The "spirit of Antichrist"/enemy is roaming. A pastor prayed over me yesterday and used this term to bind/cast out things in past of my life. Saints please keep me in prayer. Thank you.
Please pray for me. I believe that God is trying to take me in a new direction. Opportunities considered in the past are now resurfacing. I feel like a clock is ticking. Meaning that my window for something is coming close to closing. Please pray that fear does not take a strangle hold, and that I move forward into the blessings prepared for me. Thank you.
Please pray for me. I don't know what's going on. I feel like God is saying "Walk into your season". However, I feel like my spirit is weak or flesh is weak within me. I'm not sure which. I'm trying not to faint, but my faith was brutally shaken and having problems coming backa and holding on to His promises. I feel like my breakthrough is right around the corner. And that it was there about a month or so ago. But for some reason I struggle to hold on and make it. I'm hearing song "I told the storm" playing in my head. I really don't want to throw up my hands and give in. But I feel SO weak. I don't want to disappoint God. But..I'm scared to move forward in some things He asks me. I don't want to keep going through same cycle over & over again.
I have been wrestling with spirit of obedience - trying to be sensitive to Spirit and let it lead/guide me.
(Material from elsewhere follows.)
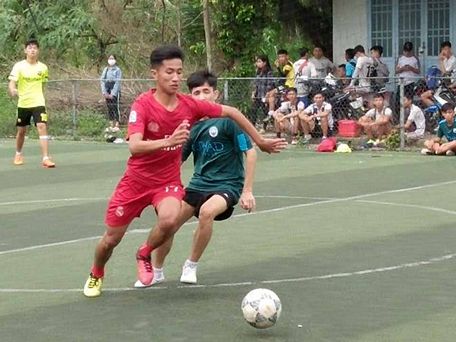 Các trận đấu bóng đá diễn ra khá quyết liệt và kịch tính.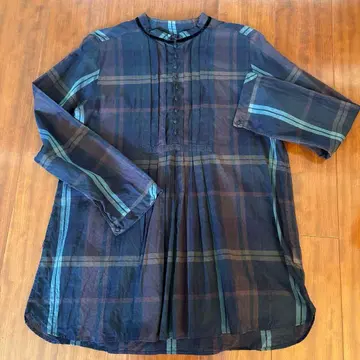 파드칼레 네이비 체크 무늬 긴팔 튜닉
On watch night, Spirit asked me to do some things to show praise - to be free. Then It asked me something out of my comfort zone. And instead of being obedient, I did what I considered a compromise but what in truth was disobedience. I feel that very important breakthrough would have resulted in that breakthrough. Since then, I have been seeking God more. And seeing visions of His promises for me - husband, children, ministry. Sadly, the enemy now knowing I'm taking back what was stolen from me - is not happy at all. And is attacking. Trying to take it back. Yesterday I had SO MUCH JOY in God. I even got in accident from initially being disobedient, but I was able to SMILE the whole day and laugh. Granted peace because it happened as result of me TURNING AROUND to do what Spirit said 1st time. But today, though I woke up with WORD needed from God, some time this morning. It's like it was snatched away w/o me noticing. Please pray that I not be bound by feelings/what I see in natural but in EVERYTHING have CONFIDENCE/FAITH in GOD and HE will provide. Thanks.